So I don't think so far this PR is addressing that particular Issue.

As I said earlier perhaps this is just fine as we haven't been really running into troubles at least as of recent. Perhaps we more or less know now the specific needs of this framework.

stas00 avatar Jan 19 '22 19:01 stas00

I'll go through the file again and mention any additional checks not yet implemented here. Also, I realised the few checks already covered are done post satisfying certain conditions which might (~1% chances) go wrong. Explicitly checking them shouldn't be a problem I think? If we plan to exclude them then out of 4 checks, 2 will still be required i.e., 3 and 5

bhavitvyamalik avatar Jan 19 '22 20:01 bhavitvyamalik

Please don't remove any existing checks. The whole purpose of this exercise was to see if we could glean additional checks that were added in NeoX - not to re-arrange or remove the current ones.

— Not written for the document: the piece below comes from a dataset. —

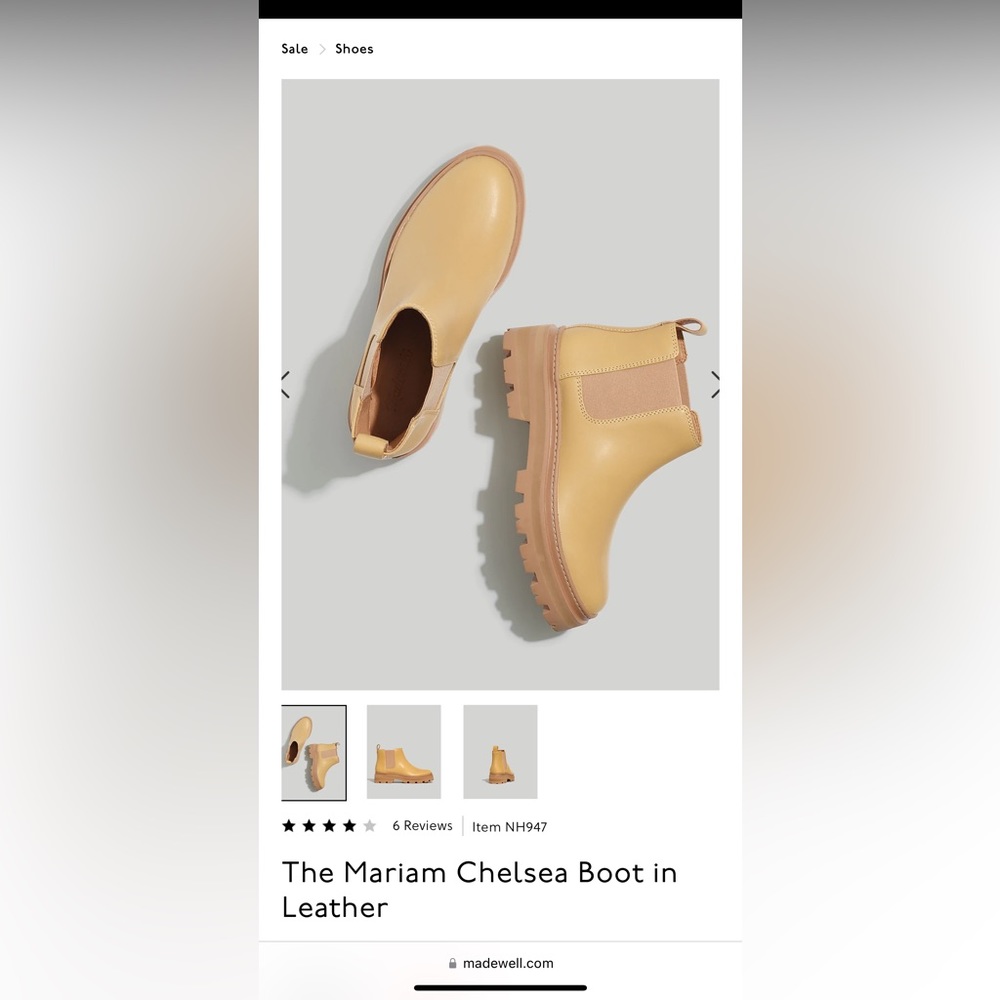 The Miriam Chelsea Boot in Leather, Madewell, Size 8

Everything else that's already in place should remain.

Additionally, please remember that ideally we try not to re-org any code or even change formatting. This is because it makes it much easier to re-sync with 2 upstream forks for when they add fixes and features.

So unless this is really needed for now let's not do any re-orgs.

If you feel that there is nothing to be gained from NeoX's additions let's just leave this as it is.

stas00 avatar Jan 19 '22 20:01 stas00